§ Exercise prompt: Look below for the line with "Men's Plus Size"; begin the copy there and stop after the line with "Womens size small", keeping the text exact and the pictures out.

§ Data supplied:

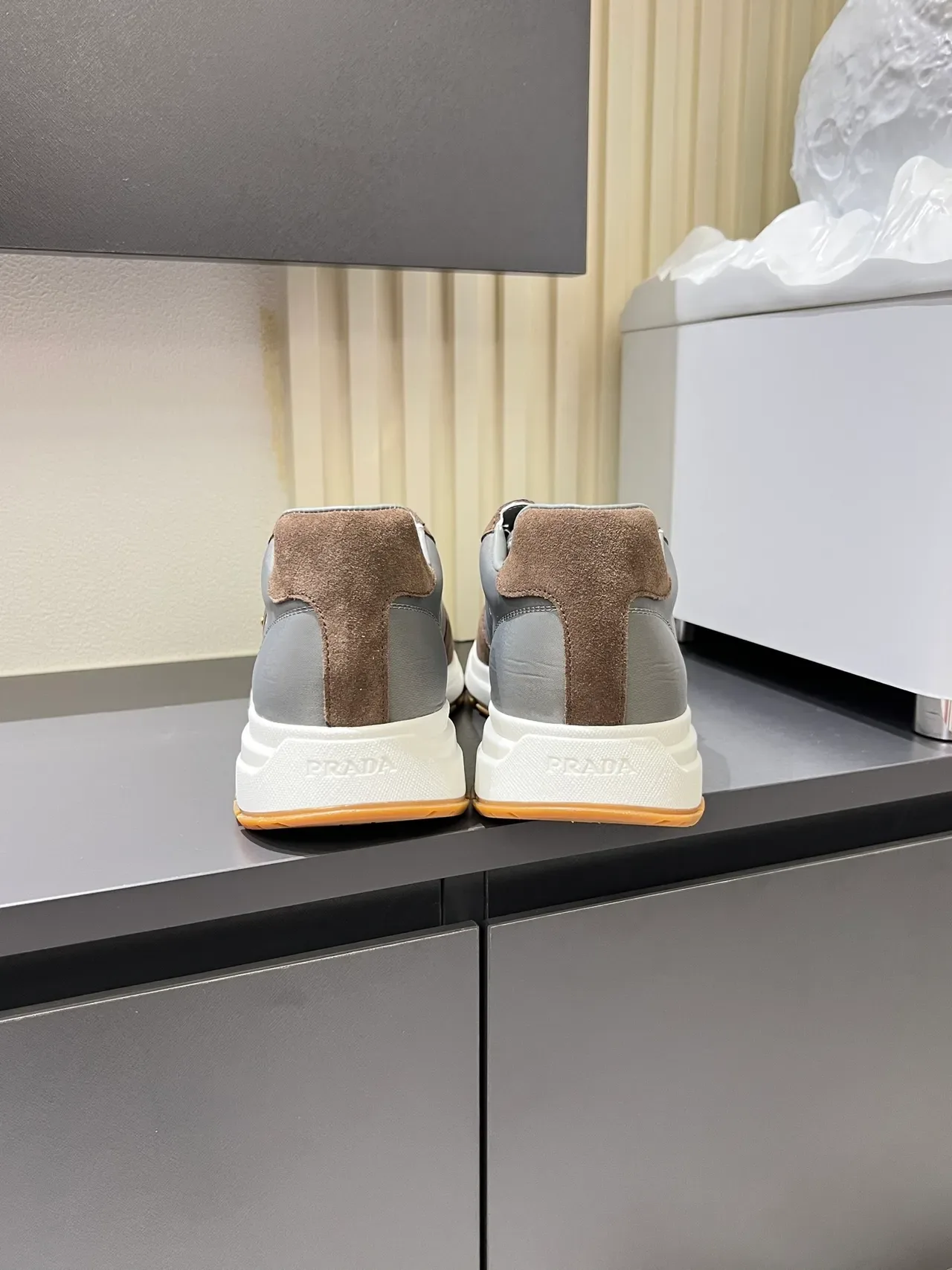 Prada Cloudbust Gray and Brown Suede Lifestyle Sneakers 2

==

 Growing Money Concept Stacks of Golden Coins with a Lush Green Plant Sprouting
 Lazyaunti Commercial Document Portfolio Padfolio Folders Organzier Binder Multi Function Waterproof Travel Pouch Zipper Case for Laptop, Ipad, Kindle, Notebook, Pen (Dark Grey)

...

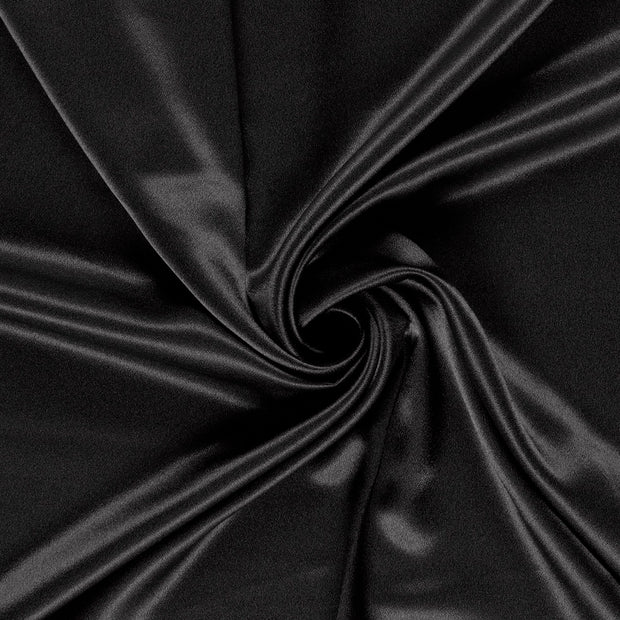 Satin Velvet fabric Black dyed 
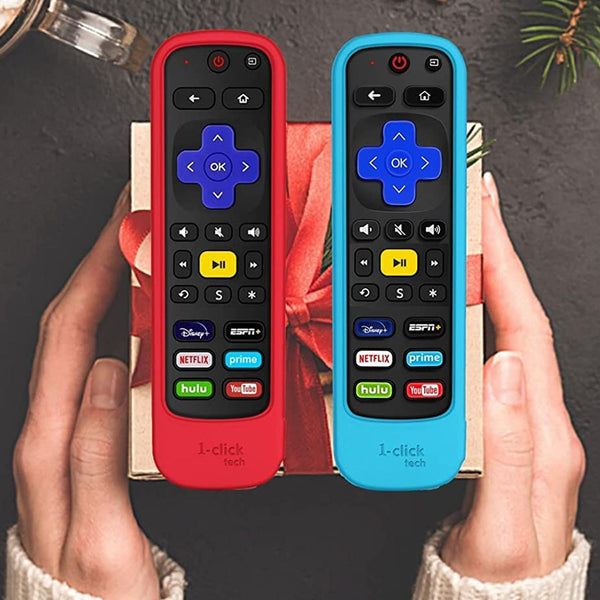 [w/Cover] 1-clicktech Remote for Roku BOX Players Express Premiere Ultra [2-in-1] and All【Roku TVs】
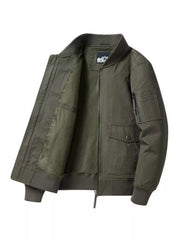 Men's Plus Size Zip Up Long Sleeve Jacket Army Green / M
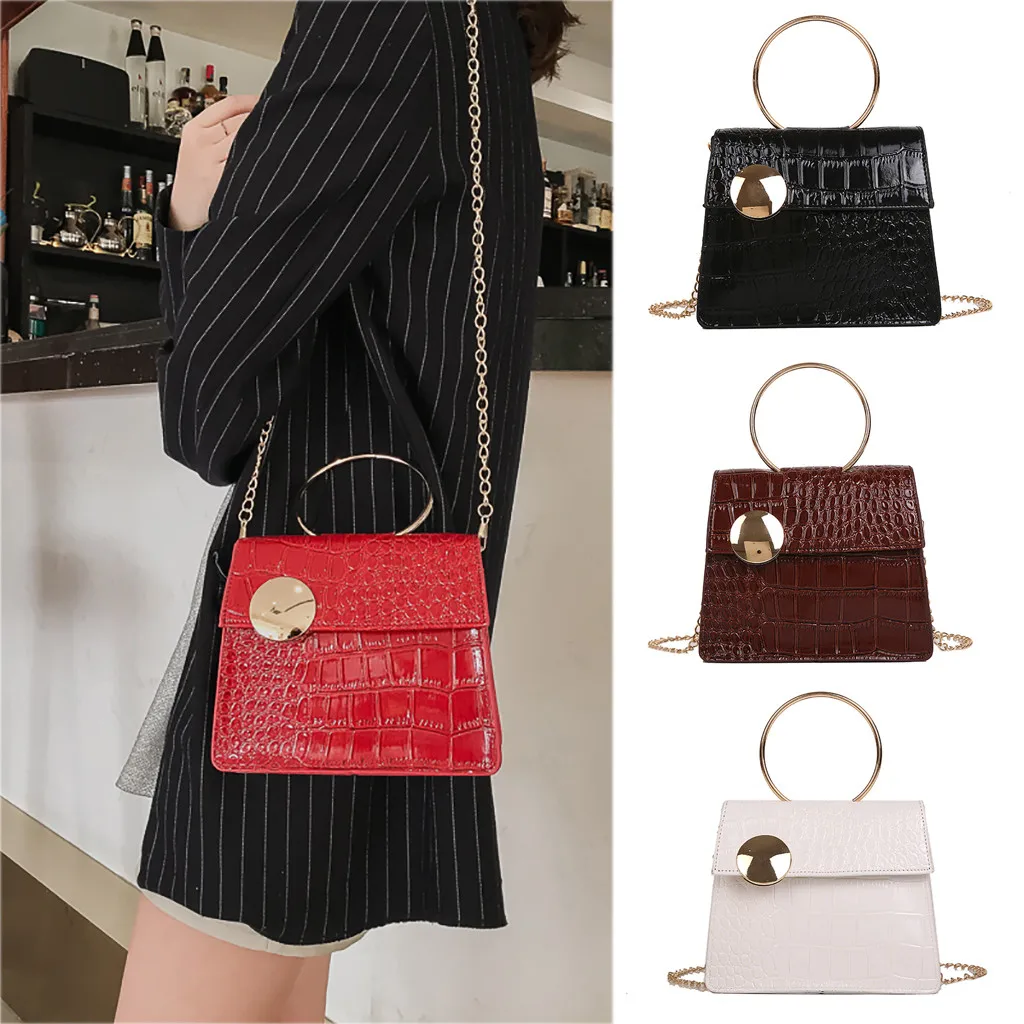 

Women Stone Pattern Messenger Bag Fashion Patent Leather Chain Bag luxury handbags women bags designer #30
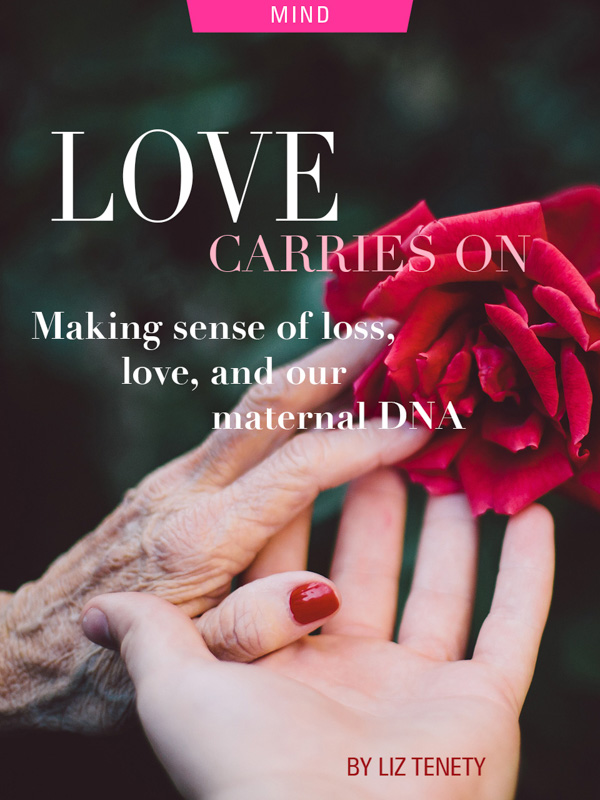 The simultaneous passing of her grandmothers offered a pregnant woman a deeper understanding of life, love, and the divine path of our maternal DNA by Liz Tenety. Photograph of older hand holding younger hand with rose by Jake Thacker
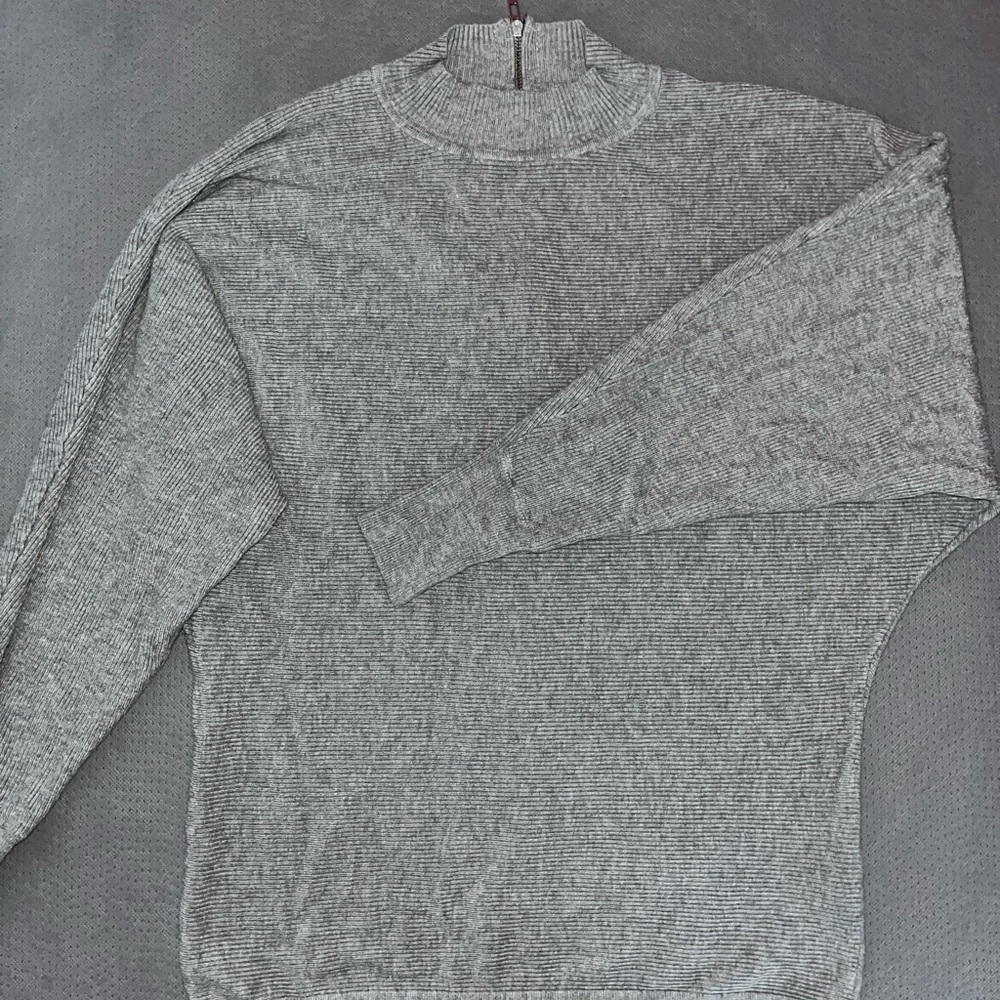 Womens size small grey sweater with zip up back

§ Reply:
 Men's Plus Size Zip Up Long Sleeve Jacket Army Green / M

Women Stone Pattern Messenger Bag Fashion Patent Leather Chain Bag luxury handbags women bags designer #30
 The simultaneous passing of her grandmothers offered a pregnant woman a deeper understanding of life, love, and the divine path of our maternal DNA by Liz Tenety. Photograph of older hand holding younger hand with rose by Jake Thacker
 Womens size small grey sweater with zip up back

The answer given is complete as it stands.